According to collated data, 890 people (till December 25) have died in terrorist violence in India in 2016. That number includes civilians, security forces and terrorists themselves. However, the numbers are not in anyway comparable to pre-2010 when fatalities would be at least three times higher. Significantly, more people died in the heart of India affected by Left Wing Extremism (LWE) than in the Kashmir valley. In August, the government informed the Indian Parliament there had been a 60 per cent rise in terrorist violence in the first seven months of the year with 163 incidents. The last five months of the year were no different.

So is 2016 one of the bloodiest years in recent times? In some ways, yes, but in real terms, the insurgency curve has dipped and perhaps taken a different course. For example, in some of the states in India’s ‘Northeast’, there has been a significant decline in fatalities. The spectre of ‘separatism’ has diffused for now. However, the nature of violence is slowly shifting into ethnic wars that could get even bloodier.
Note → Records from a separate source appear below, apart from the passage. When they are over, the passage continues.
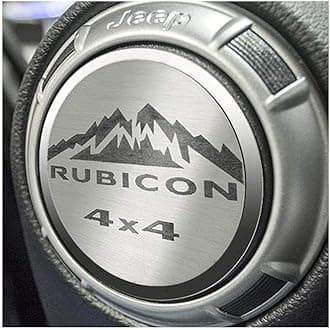 Stainless Steel Etched RUBICON Air Conditioning Vent Trim Covers 4Pc | Fits Jeep Wrangler JK 2007-2018, JL 2018-2023, & Gladiator models, RUBICON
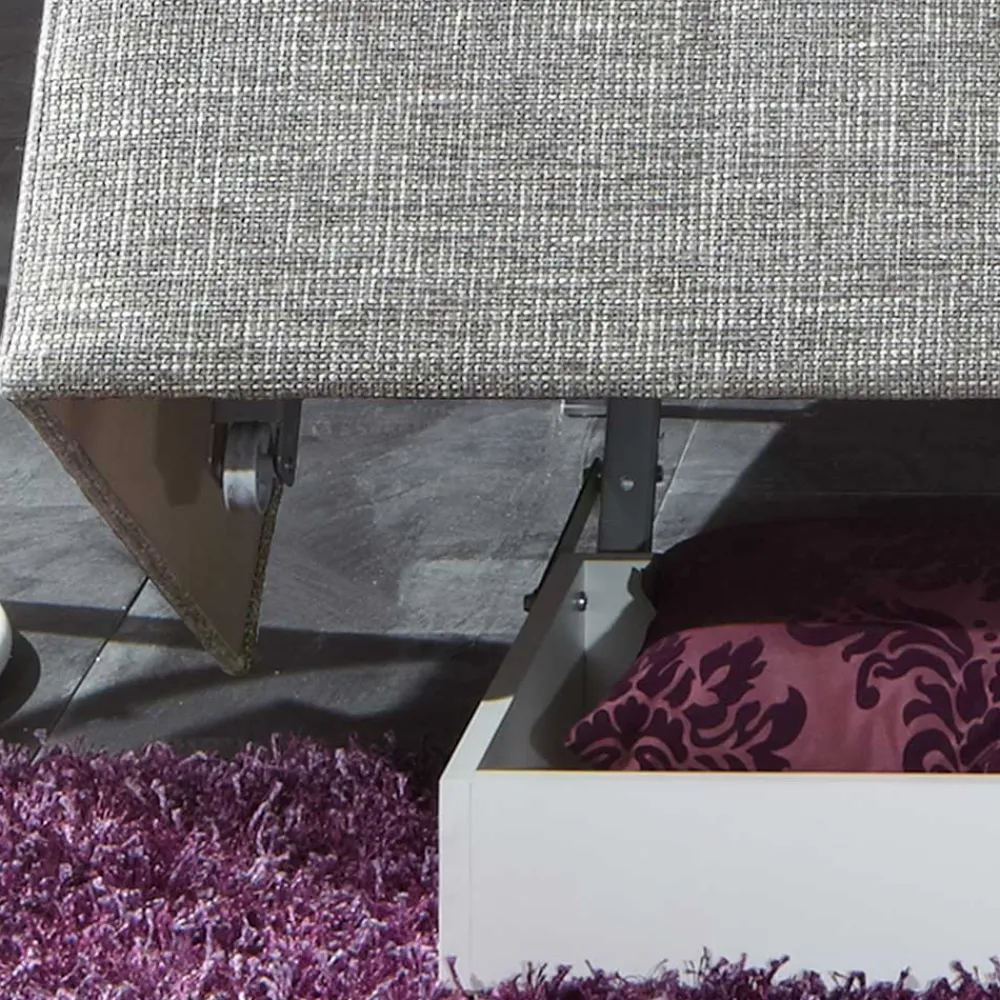 Wohnen Sofas|Betten<Bettsofa zum Ausklappen in hellem Silbergrau - Tropez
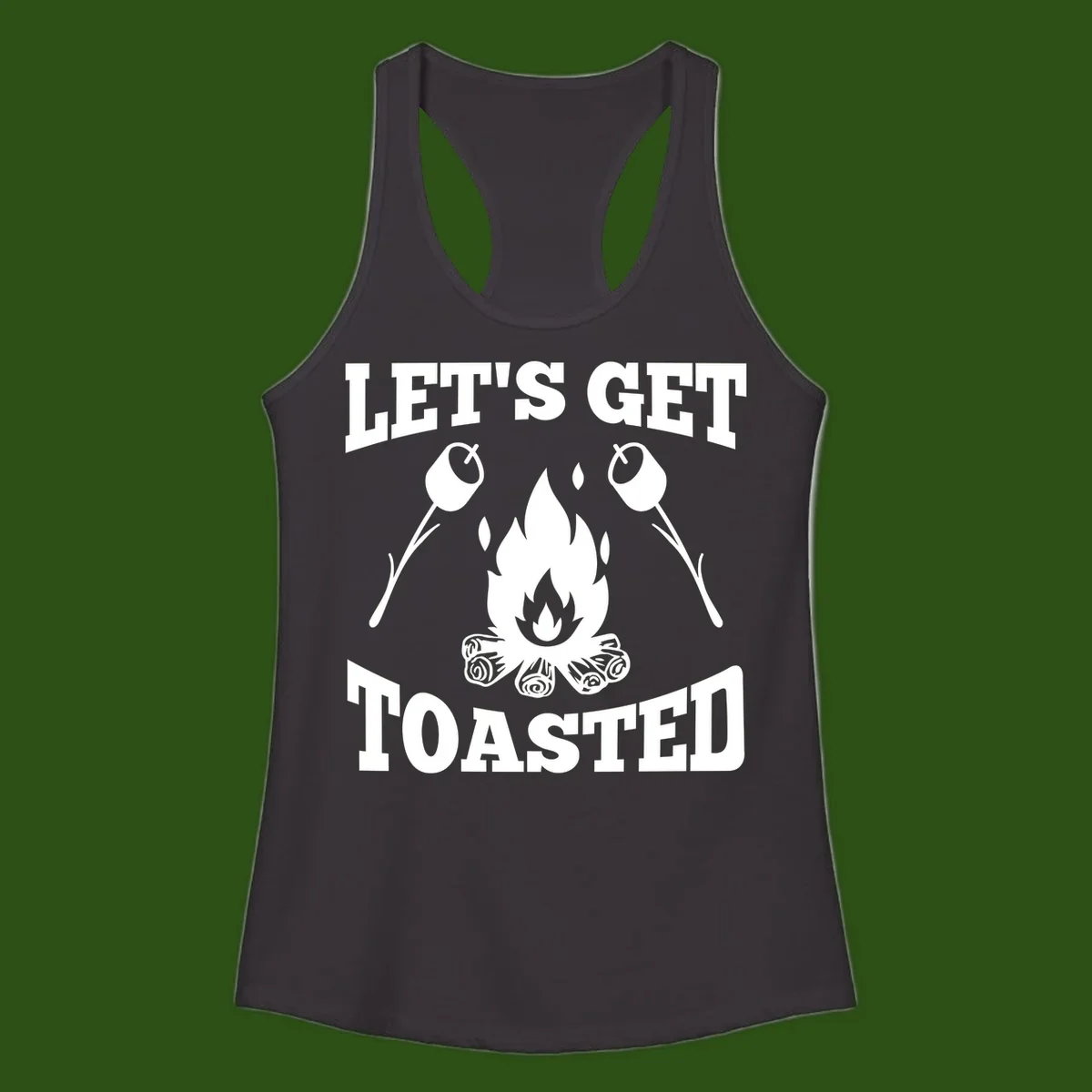 Campfire illustration with roasting sticks and marshmallows, text reads 'Let's Get Toasted'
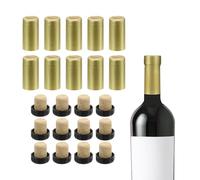 QUARKZMAN 100 Pcs de Cápsulas Termorretráctiles de PVC con 12 Tapones de Corcho en Forma de T para Sellado de Botellas de Vino, Envolturas de Cápsulas, 30x60mm, Amarillo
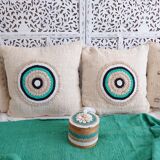 Housse de coussin Aussa avec deco en coquillages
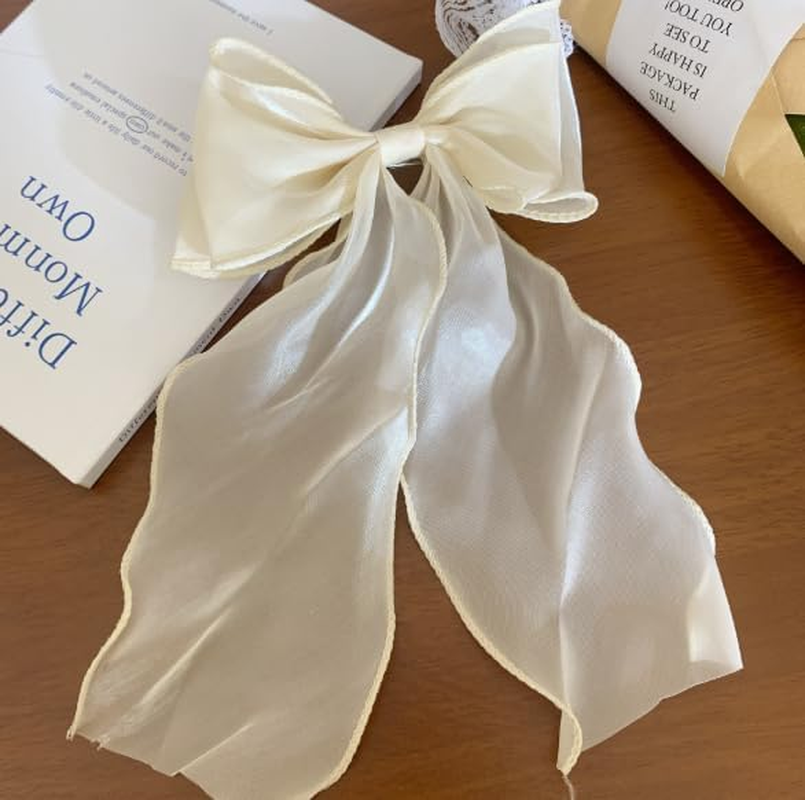 4Pcs Large Hair Bow Clips Set, White Pink Blue Purple Silk Yarn Ribbon Hair Barrettes for Women, Elegant Long Tail Bowknot French Hairstyle Accessories for Wedding, Parties, Festivals image number 3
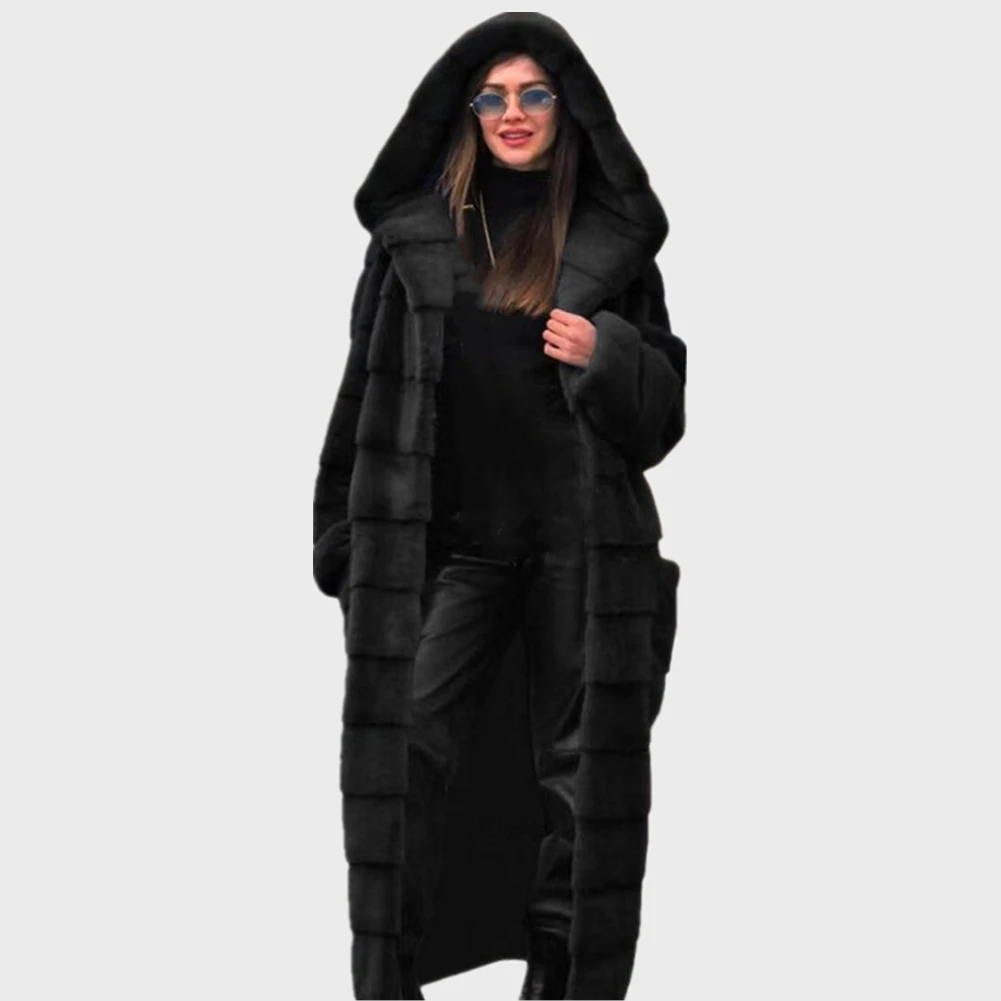 Women 5XL Winter Parka Coat Casual Long Sleeve Faux Fur Coat With Hooded Furry Thick Warm Long Faux Rabbit Fur Jacket Overcoat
For over 50 days now, Manipur has been simmering with anger against an economic blockade backed by an armed group, which has signed peace with the Indian government but continues to operate with impunity. The macabre protest in Churachandpur district with nine corpses waiting burial for over a year, held by protestors demanding a separate state, is a telling signal of things to come. The fratricidal clashes between Naga armed groups and fresh calibrated attacks along the Indo-Myanmar border on security forces are worrying. Bodoland in Assam is still unstable with deepening ethnic and communal fault lines accompanied with arms. Assam may be calmer, but the job of addressing the sub national insurrections remains unfinished. The fact that the region is still under an emergency act (Armed Forces Special Powers Act 1958) for 60 years goes to show the government’s approach to address grievances – just brute force – hasn’t changed.
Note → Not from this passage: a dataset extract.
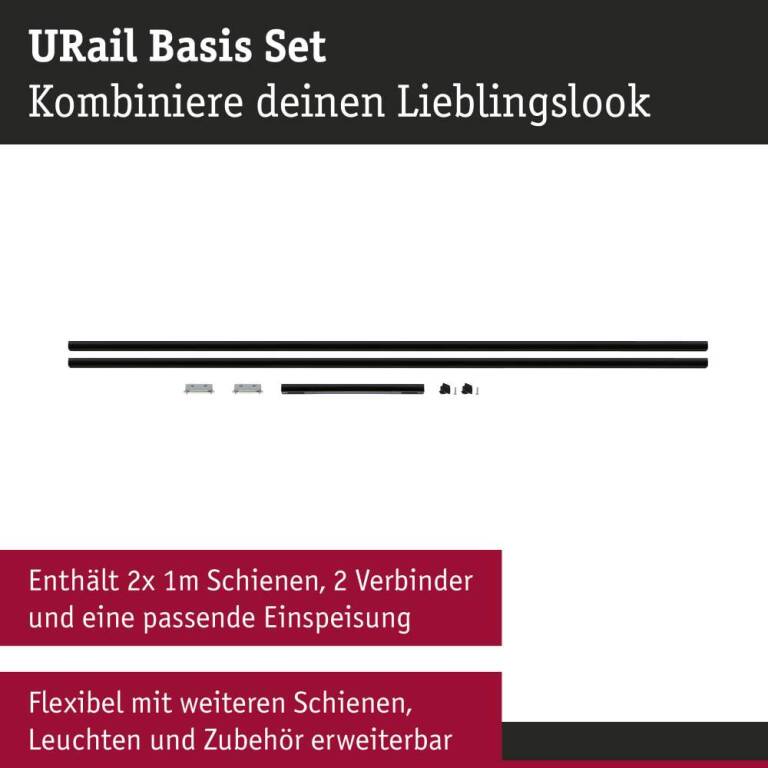 Paulmann URail Basisset Schwarz matt Schienensystem Set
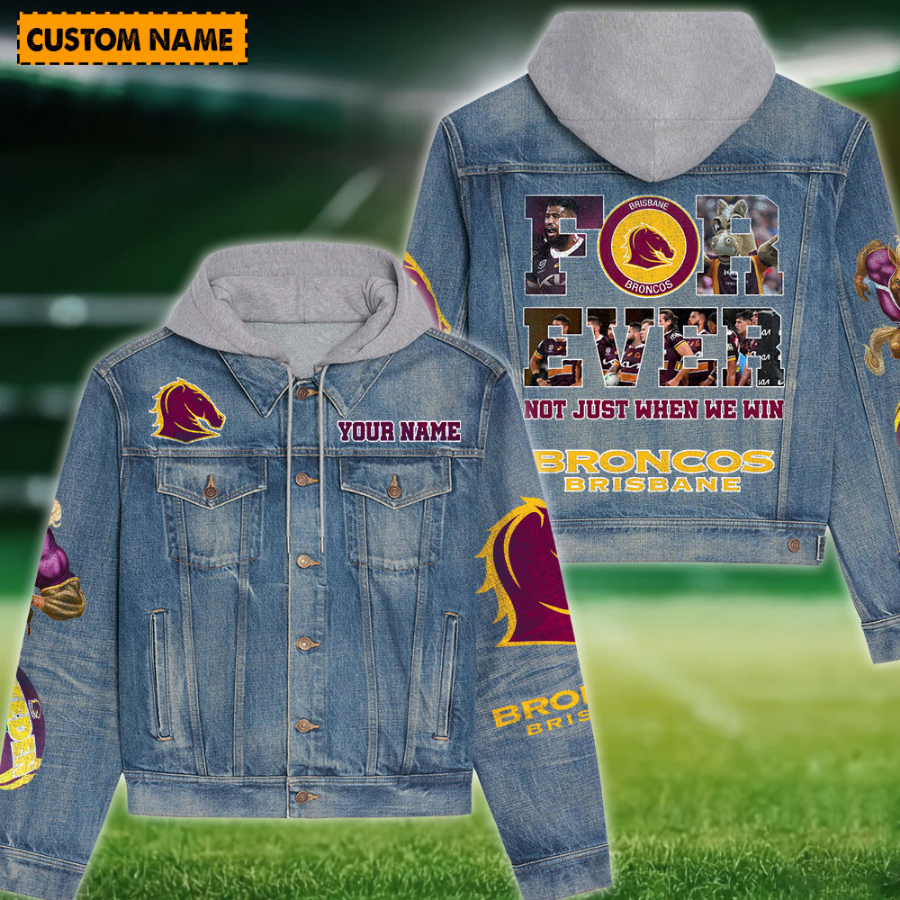 Brisbane Broncos New Personalized Hooded Denim Jacket For Men Women Sport Fans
In the Maoist corridor, the security forces have finally gained some ground after a successful operation in the ‘liberated zone’ of the guerillas. The alleged encounter in Malkangiri district of Odisha hit the Maoist leadership and could tip the balance in the relentless battle of dominance over India’s mineral rich areas.

But caught in the war between the government forces and the Maoists, local tribes are been targeted by the guerillas and harassed by the government. In Chhattisgarh, civilians are intimidated by government agencies, a violence that in turn feeds the Maoist movement. Human rights groups have claimed that draconian laws are being used to define ‘acts of terrorism’ and ‘membership’ of ‘unlawful’ organisations. Half a century later, the Maoist movement is still considered India’s gravest internal security threat.

It has been a remarkably violent year. As India grapples with violence in a volatile and fragile world of global terrorism, organized crime and authoritarian regimes, threats to human security will continue to dominate the next year. Kashmir’s protests may have subsided but the anger on the street has not died down. India’s uneasy relations with Pakistan and the ceasefire violations along the international border will be the biggest worry for India in the coming year. Assam’s Bodoland area remains tentative with proliferation of arms and ethnic groups divided over statehood demand. Manipur’s troubles seem to have increased in the run up to the assembly election early 2017; an economic blockade that has exacerbated the valley versus hill divide, renewed threats by armed Naga groups, attacks being launched from across the Myanmar border and the valley based armed groups who are still at large. There is no policy change in the government’s ‘law and order’ approach to Left Wing Extremism and while the fatalities have come down, the situation in the Maoist corridor with very poor development indices may not see any resolution between the government forces and the Maoists.